YOUR INSTRUCTIONS
Look for the line that has "OS of CONTACT-02 Trial Oncodaily" in the material below; please repeat it and every line after it, exactly, up to and including the line that has "NXP presenta IW612, il", and nothing else.

INPUT FOR THIS TASK
>>>>>
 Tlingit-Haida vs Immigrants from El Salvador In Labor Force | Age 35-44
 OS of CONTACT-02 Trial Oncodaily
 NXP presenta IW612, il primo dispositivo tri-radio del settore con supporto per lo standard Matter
<<<<<
>>>>>
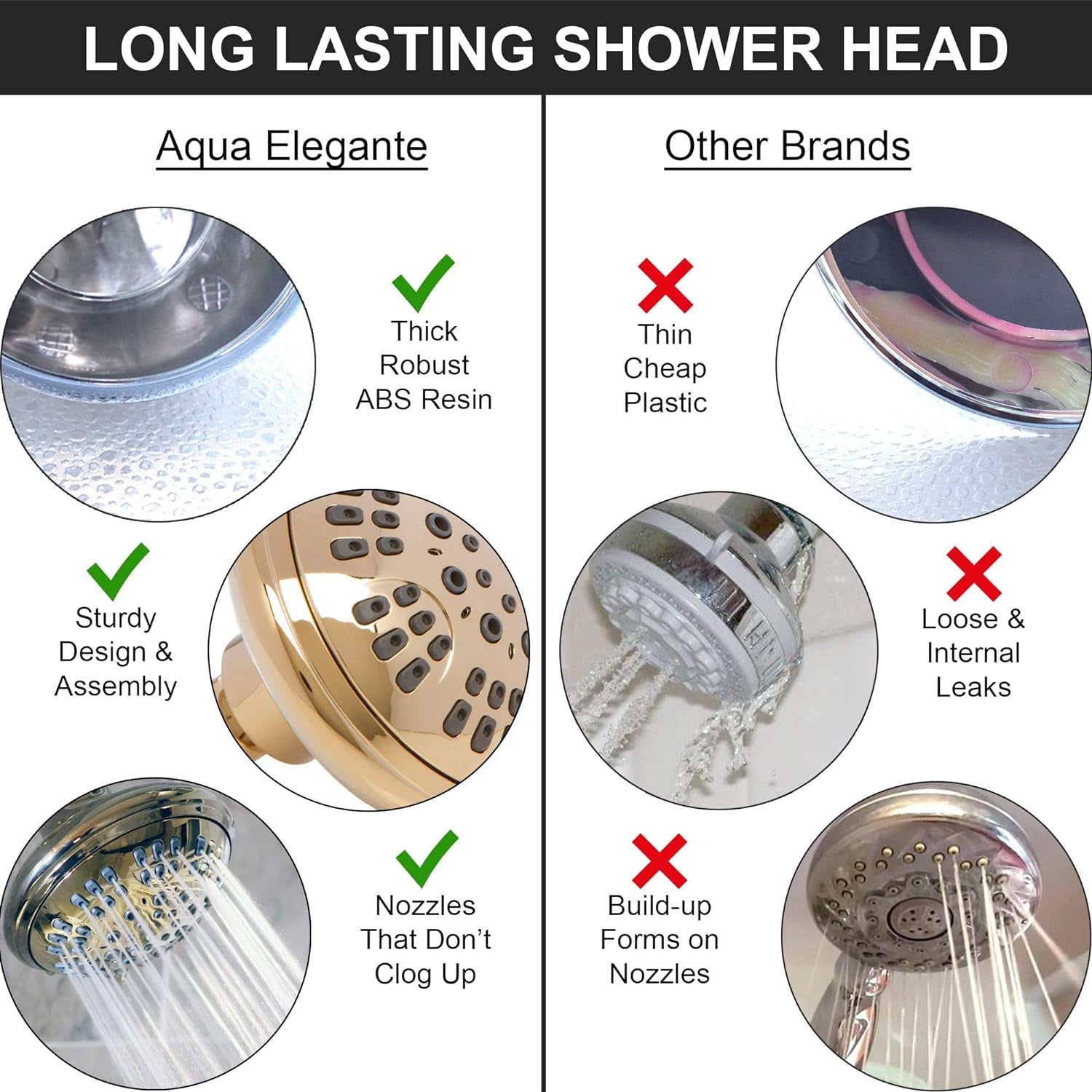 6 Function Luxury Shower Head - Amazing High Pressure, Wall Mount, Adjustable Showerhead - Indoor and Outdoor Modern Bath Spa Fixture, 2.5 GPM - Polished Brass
<<<<<
THE COMPLETED TASK
 OS of CONTACT-02 Trial Oncodaily
 NXP presenta IW612, il primo dispositivo tri-radio del settore con supporto per lo standard Matter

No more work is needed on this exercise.